# Hesston 530 Gathering Wheels



## Feed Hay (May 30, 2008)

Gathering wheels for a Hesston 530 finally gave out. AGCO wants over $300 a piece for an assembly with the molded wheel...without a new bearing even. Have any of you guys taken a 24x9 after market rubber gathering wheel and fabricated a way for them to work?

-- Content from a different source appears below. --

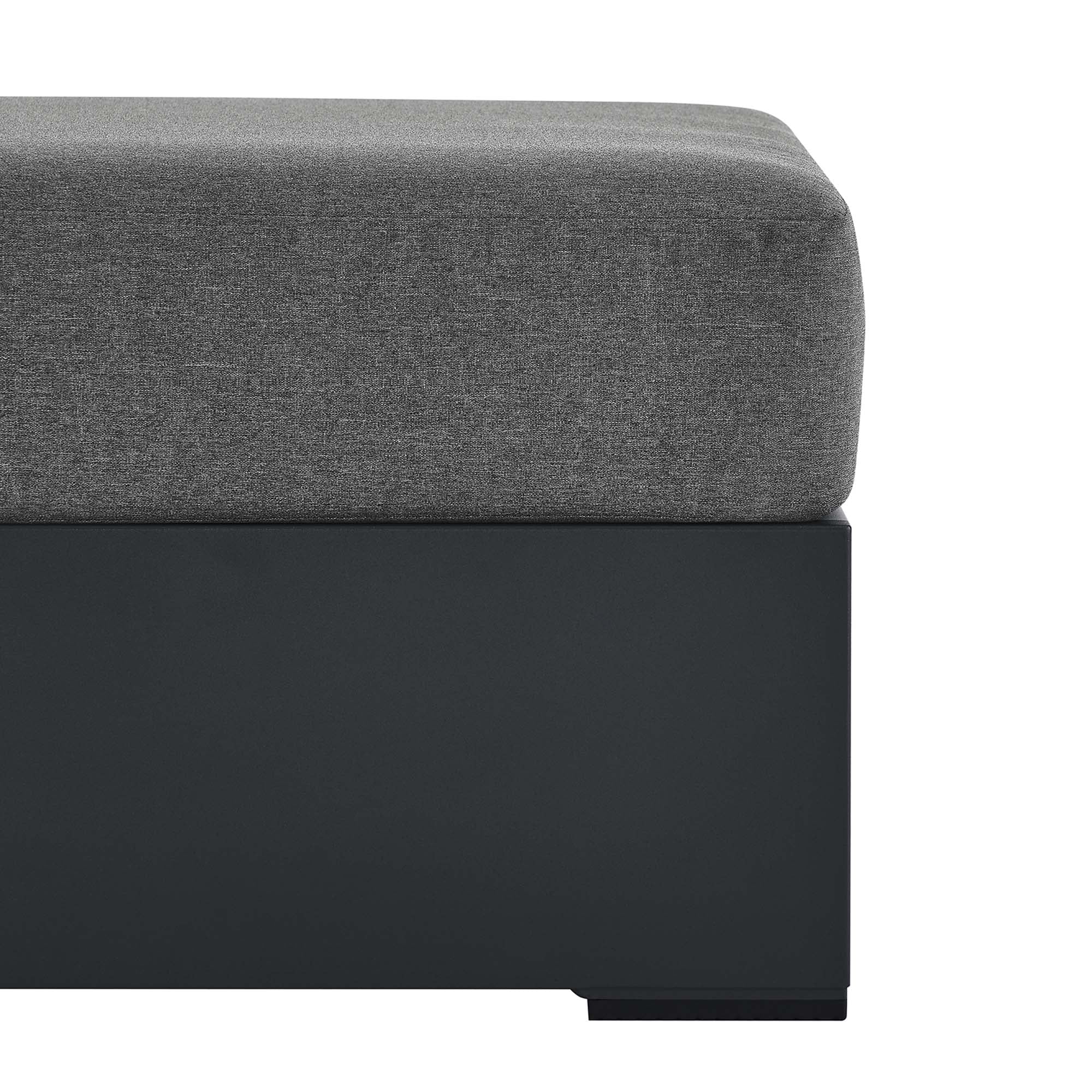 Modway Tahoe Outdoor Patio Powder-Coated Aluminum Ottoman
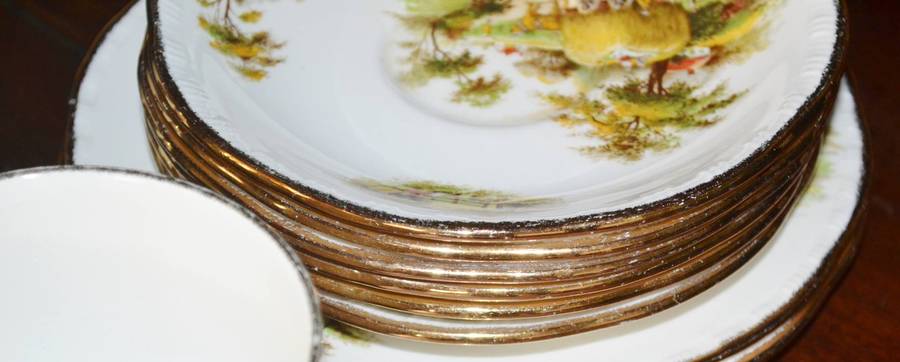 Vintage Alfred Meakin "The Hayride" Part Tea Set - 16 Pieces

The picture shows the wheel type.

View attachment 1503


----------



## scrapiron (Mar 10, 2010)

On my Hesston 5530,same baler just older, I cut the sidewalls&bead of an old bias truck tire to fit and bolted them to the centers. Time was about 45 min each. They work just as good as the oem gathering wheels and a lot cheaper.

scrapiron


----------



## downtownjr (Apr 8, 2008)

Hey guys....wanted to restart the discussion on this old entry...Bale Supply sells these wheels and have sold a lot to guys with the above question. Would appreciate it if anyone that has fabricated a retainer piece of the outside of the gathering wheel share their thoughts. I think a lot of folks with these might be curious. Thanks guys.

Regards
Jim


----------



## urednecku (Oct 18, 2010)

downtownjr said:


> _*Hey guys....wanted to restart the discussion*_ on this old entry...Bale Supply sells these wheels and have sold a lot to guys with the above question. Would appreciate it if anyone that has fabricated a retainer piece of the outside of the gathering wheel share their thoughts. _* I think a lot of folks with these might be curious. Thanks guys*_.
> 
> Regards
> Jim


Sense it's raining & I can't get outside to play, and thinking about the 2 small rows my baler left when I baled behind the borrowed V-rake, I got to thinking about the gathering wheels myself. I know it'd be best to have the right size windrow, and stay in it. But, with the narrow pick-up of this 336, and sometimes due to weather grass gets real* thick*, would gathering wheels be an advantage, or just a big "PIA"?
Thanks


----------